■ **Your task**: Repeat the records exactly, with one exception: no images.

=-=-=-=-=

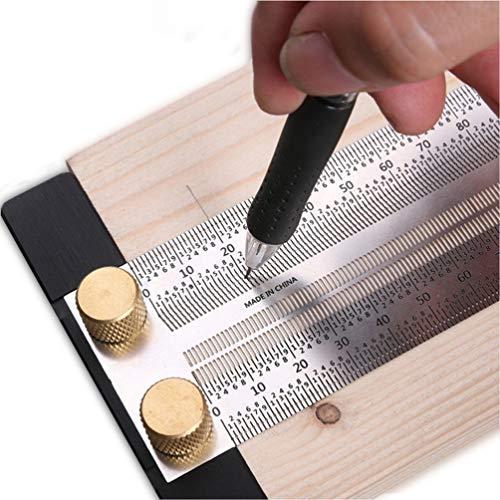 Ultra Precise Marking T-Rule Stainless Steel Marking Ruler,T Square High Precision Woodworking Tools Compatible Mechanical Pencil,Positioning Scribbling Gauge for Carpenter Engineer (120mm)… - style: 120mm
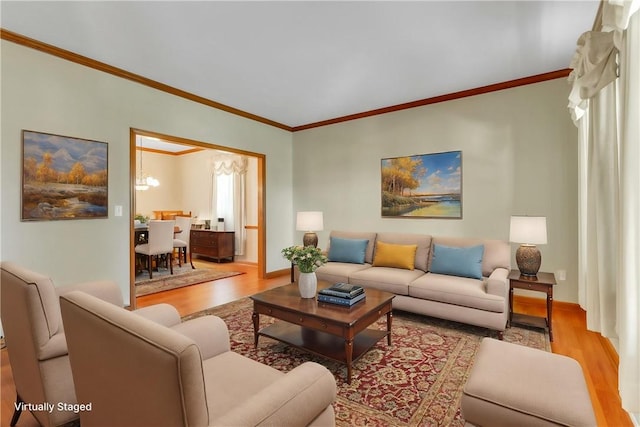 204 Salt Works Rd, Lancaster Twp, PA 16037 - living area with wood finished floors and ornamental molding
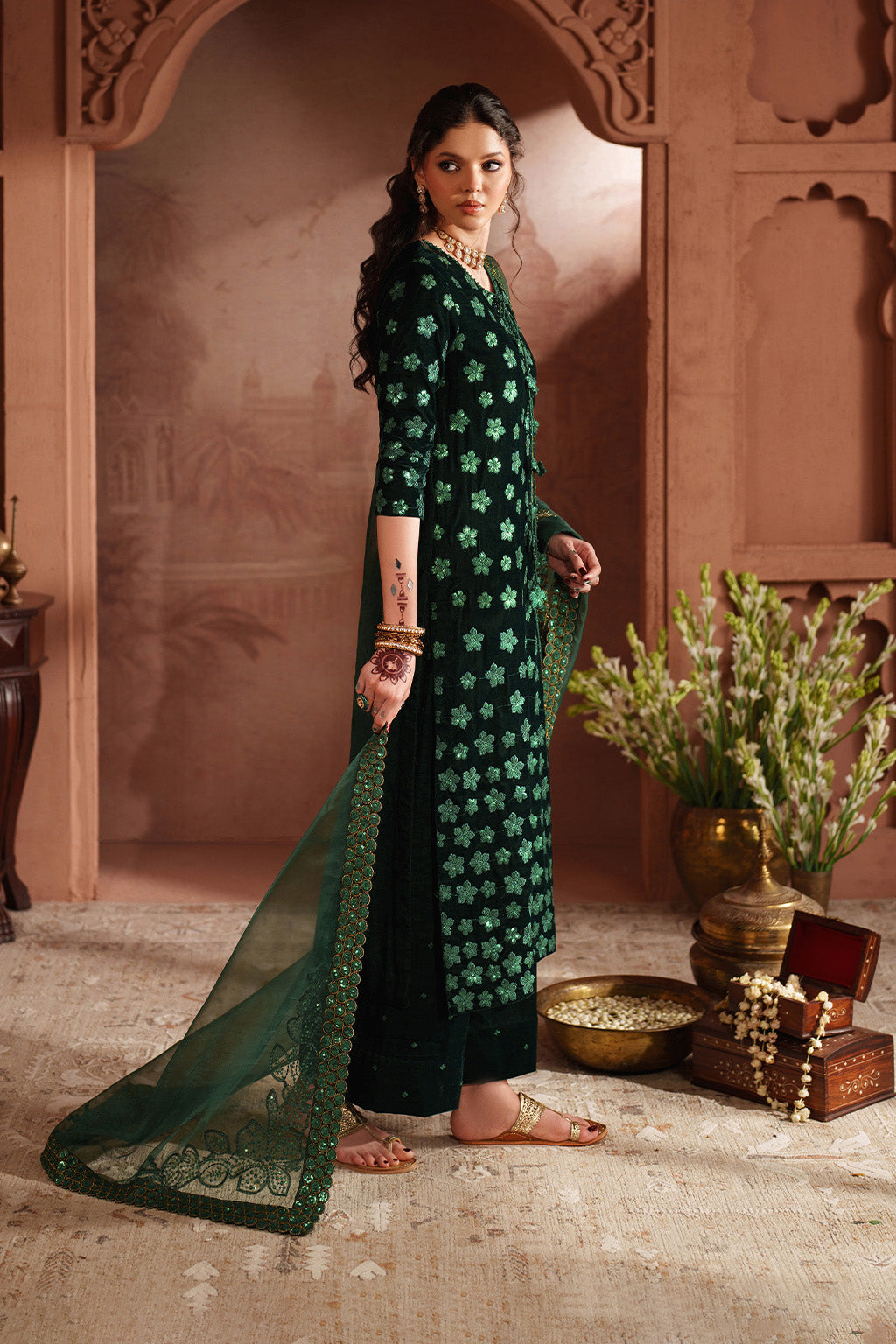 Iznik | Velvet 25 | IV-60 Embroidered Velvet - Formal Dress - available at Maria Faisal in UK and USA.
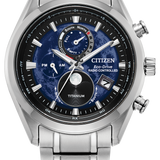 Citizen Eco-Drive Titanium analog watch with a stainless steel link bracelet, featuring a blue textured dial with black sub-dials and white markings.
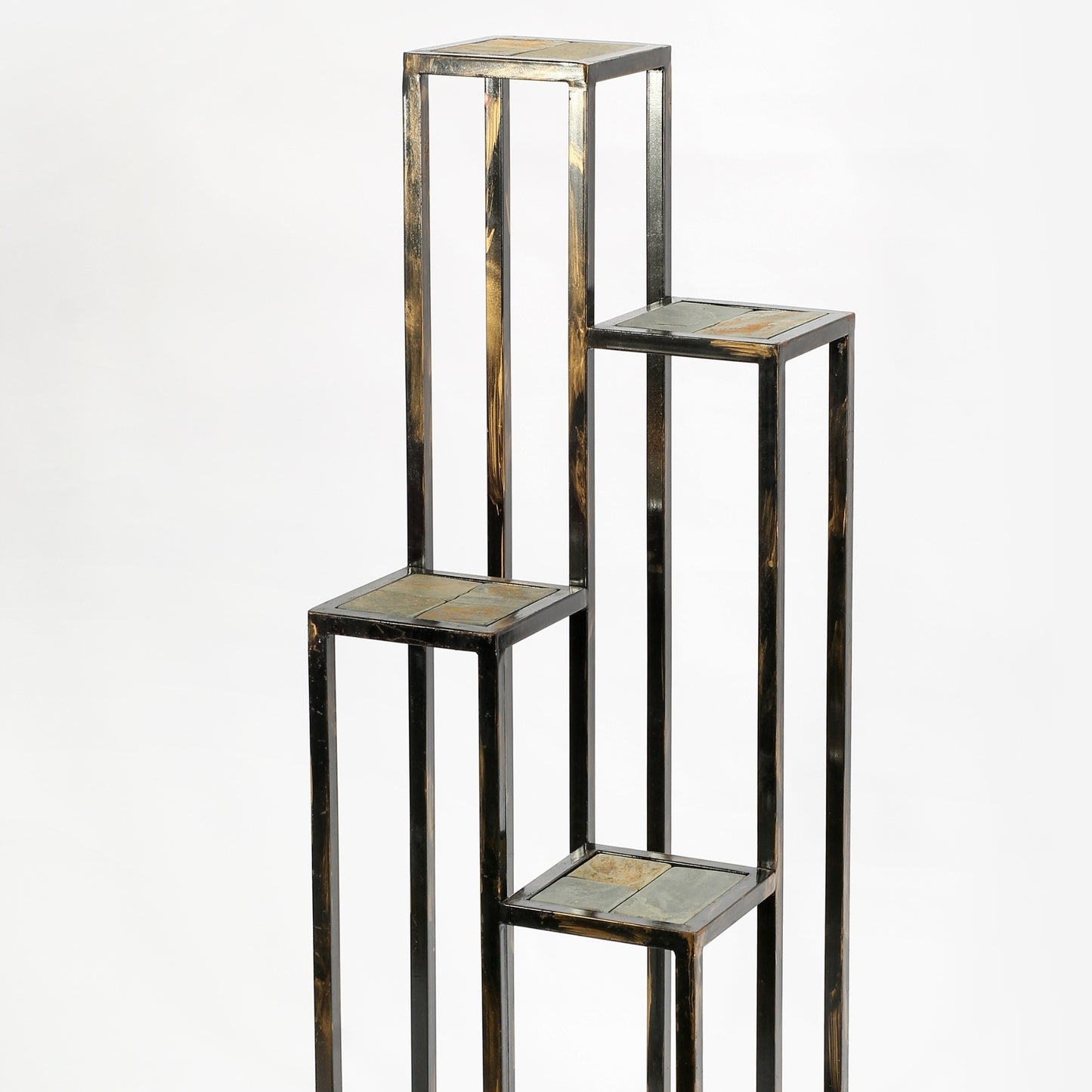 47.25" 4 Tier Gray Stone Slab Black / Gold Cast Metal Plant Stand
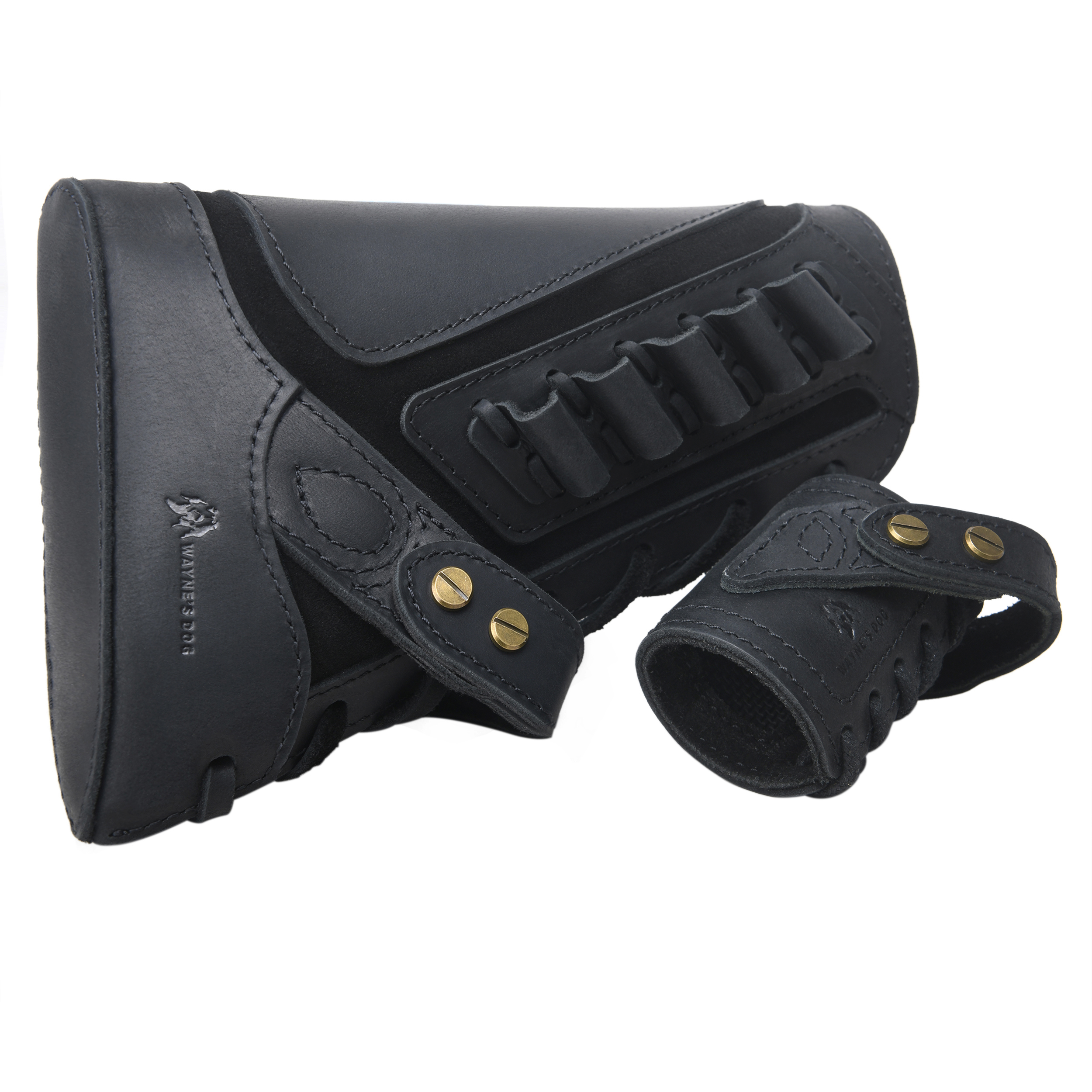 Leather No-Drill Rifle Magazine Pouch with Sling Ring for .30-30.45-70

=-=-=-=-=

■ **Solution to the problem**:
 Ultra Precise Marking T-Rule Stainless Steel Marking Ruler,T Square High Precision Woodworking Tools Compatible Mechanical Pencil,Positioning Scribbling Gauge for Carpenter Engineer (120mm)… - style: 120mm
 204 Salt Works Rd, Lancaster Twp, PA 16037 - living area with wood finished floors and ornamental molding
 Iznik | Velvet 25 | IV-60 Embroidered Velvet - Formal Dress - available at Maria Faisal in UK and USA.
 Citizen Eco-Drive Titanium analog watch with a stainless steel link bracelet, featuring a blue textured dial with black sub-dials and white markings.
 47.25" 4 Tier Gray Stone Slab Black / Gold Cast Metal Plant Stand
 Leather No-Drill Rifle Magazine Pouch with Sling Ring for .30-30.45-70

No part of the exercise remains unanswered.